"Beras ini sudah tumbuh di sini sejak nenek moyang dulu. Sejak turun temurun," kata pedagang beras Adan Krayan, Henri Simson saat berbincang dengan detikcom, Jumat,(13/1/2012).
Beras tersebut ditanam di atas lahan sawah tradisional. Air mengalir sepanjang tahun. Untuk pupuk, dari kotoran kerbau. Kondisi alam yang di lembah dan ngarai membuat beras organik ini berbeda dengan daerah lain. "Berasnya lebih putih, seperti beras ketan. Rasanya pulen. Kalau ditanam di tempat lain, rasanya beda. Kenapa? ya karena faktor alam," beber warga asli Nunukan ini.
SCROLL TO CONTINUE WITH CONTENT
"Masa panen 6 bulan. Setelah itu, sawah dibiarkan selama 6 bulan menjadi kolam ikan. Ikannya datang sendiri. Baru setelah itu ditanam lagi," ungkap Henri.
Kondisi alam yang susah, menyebabkan beras paling banyak dijual ke Malaysia. Dalam 1 kali masa panen, sedikitnya bisa menghasilkan 9 ton dari 3 ribu hektar sawah. Perkilonya dijual 39 ringgit untuk Malaysia, sedangkan jika dijual di Kaltim maka dijual Rp 25 ribu/kg.
"Masyarakat setempat, setelah menyimpan untuk makan sehari-hari selama satu tahu, maka sisanya dijual. Masyarakat setempat selain hidup dari Adan Krayan juga menggantungkan hidup dari perikanan dan ternak kerbau/sapi," tuturnya.
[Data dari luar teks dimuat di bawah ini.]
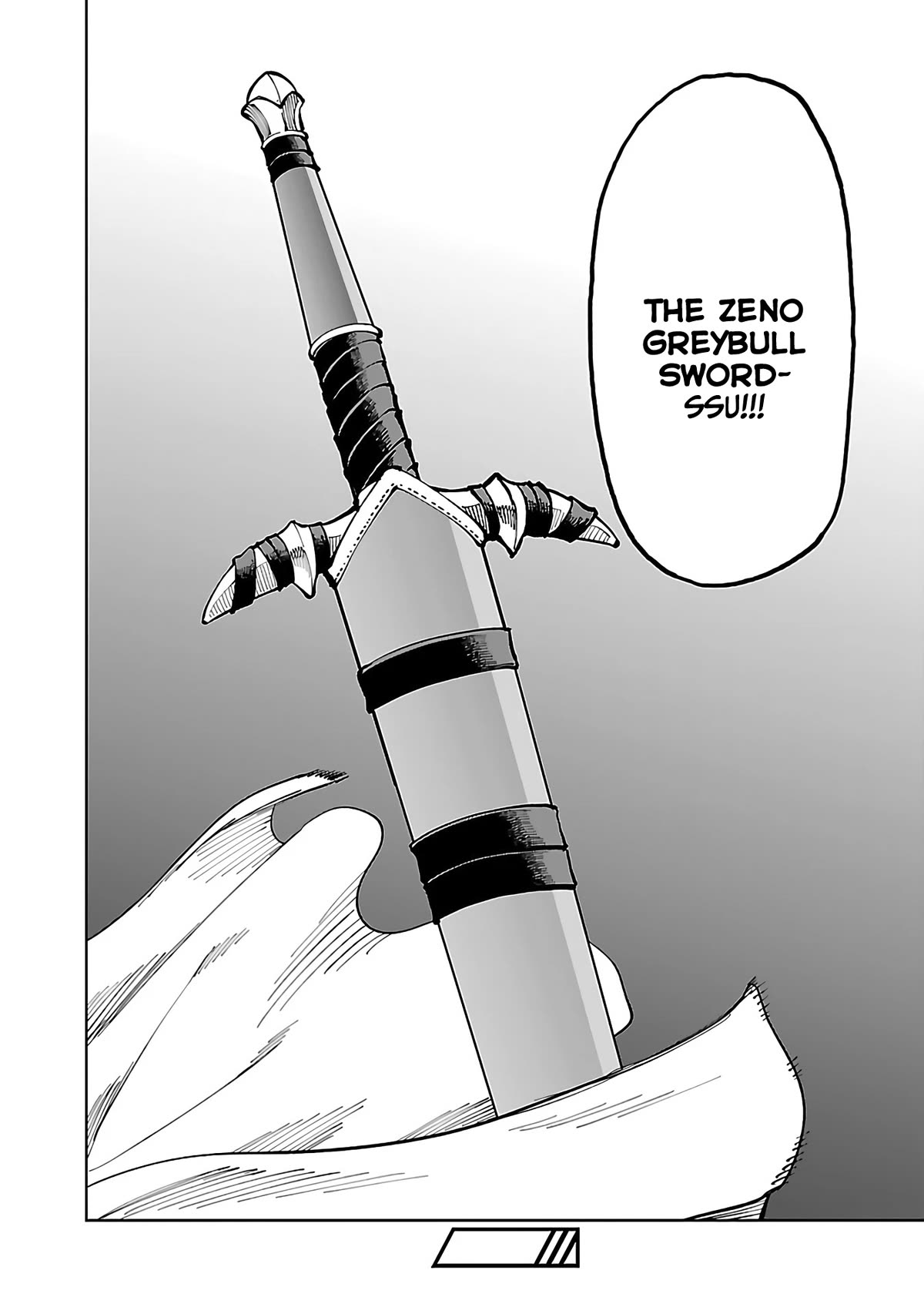 An Old Man From the Countryside Becomes a Swords Saint: I Was Just a Rural Sword Teacher, but My Successful Students Won't Leave Me Alone! Chapter 23 page 34 - Chapter 23: Old man, running!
Wilayah Krayan tersebut berada pada ketinggian sekitar 1.000 meter di atas permukaan laut. Wilayah tersebut termasuk sulit dijangkau karena hanya bisa ditempuh melalui jalan udara dari Kabupaten Nunukan atau Tarakan. Tidak hanya itu, wilayah ini juga tidak bisa akses melalui jalan darat atau sungai.
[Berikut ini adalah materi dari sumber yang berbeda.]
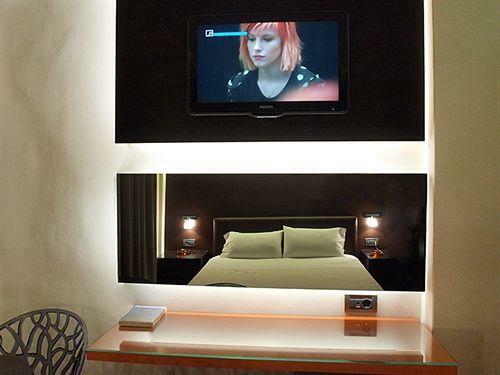 Athens City Hotel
"Jadi wajar masyarakat setempat menjual ke Malaysia. Tapi mereka menjualnya dengan merek Malaysia, Bario Rice," tuntas Henri yang mengaku sampai menolak pesanan beras karena banyak permintaan.
Seperti diketahui, Dirjen Hak atas Kekayaan Intelektual (HAKI) mengeluarkan sertifikat paten ada 9 Januari 2012 lalu. Dengan keluarnya hak paten ini, maka tidak ada alasan lagi bagi Malaysia mengklaim beras tersebut produksi mereka.